Thread

  1. Re: Expanding HOT updates for expression and partial indexes

    Matthias van de Meent <boekewurm+postgres@gmail.com> — 2025-11-21T15:25:06Z

    On Wed, 19 Nov 2025 at 19:00, Greg Burd <greg@burd.me> wrote:
    >
    > Attached are rebased (d5b4f3a6d4e) patches with the only changes
    > happening in the last patch in the series.
    
    Here's a high-level review of the patchset, extending on what I shared
    offline. I haven't looked too closely at the code changes.
    
    Re: Perf testing
    
    Apart from the workload we've discussed offline, there's another
    workload to consider: Right now, we only really consider HOT when we
    know there's space on the page. This patch, however, will front-load a
    lot more checks before we have access to the page, and that will
    ~always impact update performance.
    I'm a bit worried that the cost of off-page updates (when the page of
    the old tuple can't fit the new tuple) will be too significantly
    increased, especially considering that we have a default fillfactor of
    100 -- if a table's tuples only grow, it's quite likely the table
    frequently can't apply HOT regardless of the updated columns. So, a
    workload that's tuned to only update tuples in a way that excercises
    'can we HOT or not' code for already-full pages would be appreciated.
    A solution to the issue might be needed if we lose too much
    performance on expensive checks; a solution like passing page space of
    the old tuple to the checks, and short-circuiting the non-HOT path if
    that page space is too small for the new tuple.
    
    0001:
    
    I'm not sure I understand why the code is near completely duplicated
    here. Maybe you can rename the resulting heap_update to
    heap_update_ext, and keep a heap_update around which wraps this
    heap_update_ext, allowing old callers to keep their signature until
    they need to use _ext's features? Then you can introduce the
    duplication if and when needed in later patches -- though I don't
    expect a lot of this duplication to be strictly necessary, though that
    may need some new helper functions.
    
    I also see that for every update we're now copying, passing 5
    bitmapsets individually and then freeing those bitmaps just a moment
    later. I'd like to avoid that overhead and duplication if possible.
    Maybe we can store these in an 'update context' struct, passed by
    reference down to table_tuple_update() from the calling code, and then
    onward to heap_update?
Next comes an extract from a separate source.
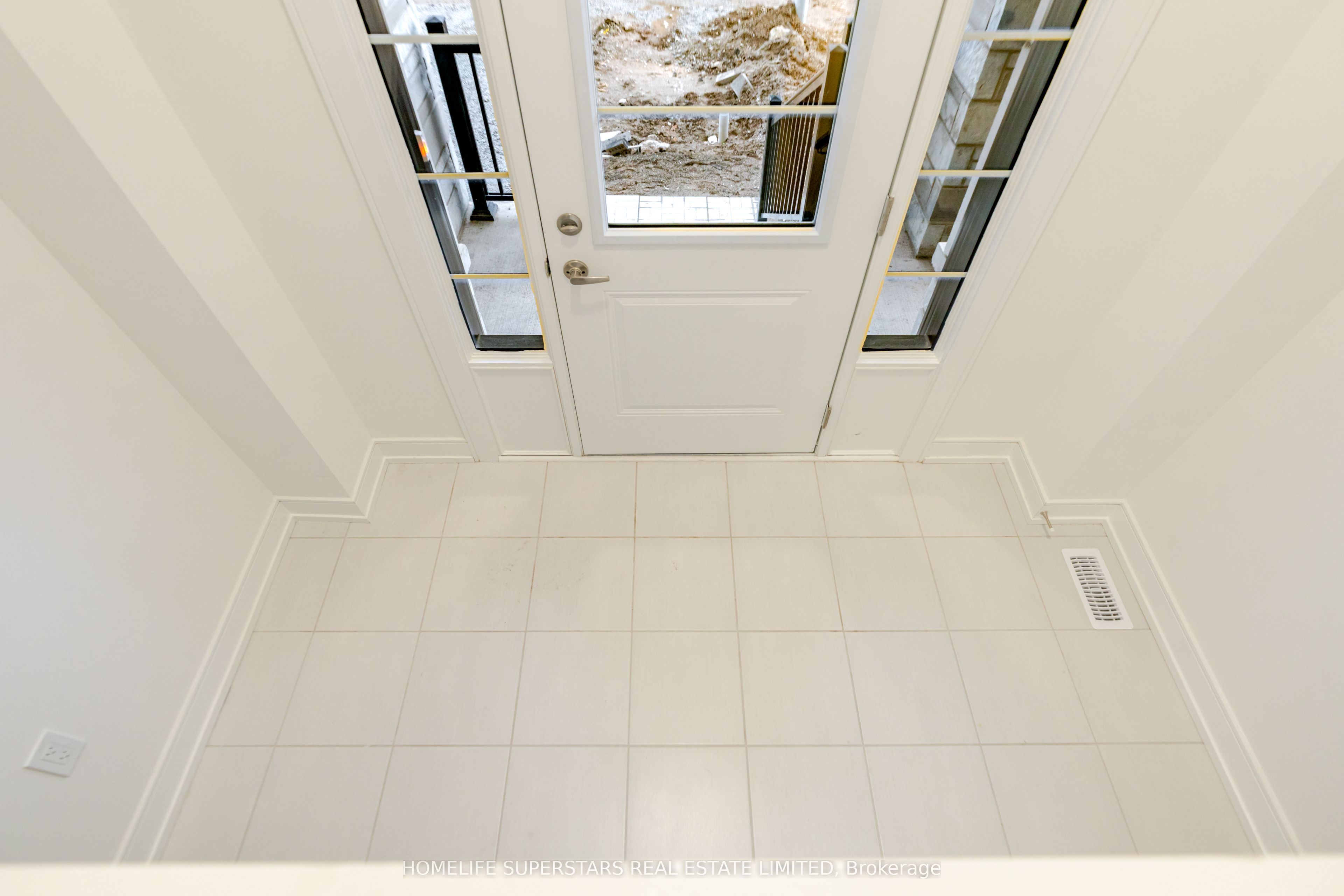 Additional image 3 of 25 Mundell Road, Erin, ON, N0B 1T0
That might then also be a prime candidate to
    contain the EState * of ExecCheckIndexedAttrsForChanges.
    
    0002:
    
    This patch seems to have some formatting updates to changes you made
    in 0001, without actually changing the code (e.g. at heap_update's
    definition). When updating code, please put it in the expected
    formatting in the same patch.
    
    ---
    In the patch subject:
    > For instance,
    > indexes with collation information allowing more HOT updates when the
    > index is specified to be case insensitive.
    
    It is incorrect to assume that indexed "btree-equal" datums allow HOT
    updates. The user can not be returned an old datum in index-only
    scans, even if it's sorted the same as the new datum -- after all, a
    function on the datum may return different results even if the datums
    are otherwise equal. Think: count_uppercase(string). See also below at
    "HOT, datum compare, etc".
    
    ---
    With the addition of rd_indexedattr we now have 6 bitmaps in
    RelationData, which generally only get accessed through
    RelationGetIndexAttrBitmap by an enum value. Maybe it's now time to
    bite the bullet and change that to a more general approach with
    `Bitmapset  *rd_bitmaps[NUM_INDEX_ATTR_BITMAP]`? That way, the hot
    path in RelationGetIndexAttrBitmap would not depend on the compiler to
    determine that the fast path can do simple offset arithmatic to get
    the requested bitmap.
    
    0003:
    This looks like it's a cleanup patch for 0002, and doesn't have much
    standing on its own. Maybe the changes for ri_ChangedIndexedCols can
    all be moved into 0003? I think that gives this patch more weight and
    standing.
    
    0004:
    This does two things:
     1. Add index expression evaluation to the toolset to determine which
    indexes were unchanged, and
     2. Allow index access methods to say "this value has not changed"
    even if the datum itself may have changed.
    
    Could that be split up into two different patches?
    
    (aside: 2 makes a lot of sense in some cases, like trgm indexes
    strings if no new trigrams are added/removed, so I really like the
    idea behind this change)
    
    HOT, datum compare, etc.:
    
    Note that for index-only scans on an index to return correct results,
    you _must_ update the index (and thus, do a non-HOT update) whenever a
    value changes its binary datum, even if the value has the same btree
    sort location as the old value. Even for non-IOS-supporting indexes,
    the index may need more information than what's used in btree
    comparisons when it has a btree opclass.
    As SP/GIST have IOS support, they also need to compare the image of
    the datum and not use ordinary equality as defined in nbtree's compare
    function: the value must be exactly equal to what the table AM
    would've provided.
    
    Primary example: Btree compares the `numeric` datums of `1.0` and
    `1.00` as equal, but for a user there is an observable difference; the
    following SQL must return `1.0` in every valid plan:
    
    BEGIN;
    INSERT INTO mytab (mynumeric) VALUES ('1.00');
    UPDATE mytab SET mynumeric = '1.0';
    SELECT mynumeric FROM mytab;
    
    So, IMO, the default datum compare in ExecCheckIndexedAttrsForChanges
    and friends should just use datumIsEqual, and not this new
    tts_attr_equal.
    Indexes without IOS support might be able to opt into using a more lax
    datum comparator, but 1.) it should never be the default, as it'd be a
    loaded footgun for IndexAM implementers, and 2.) should not depend on
    another AM's understanding of attributes, as that is a very leaky
    abstraction.
    
    
    Kind regards,
    
    Matthias van de Meent
    Databricks (https://www.databricks.com)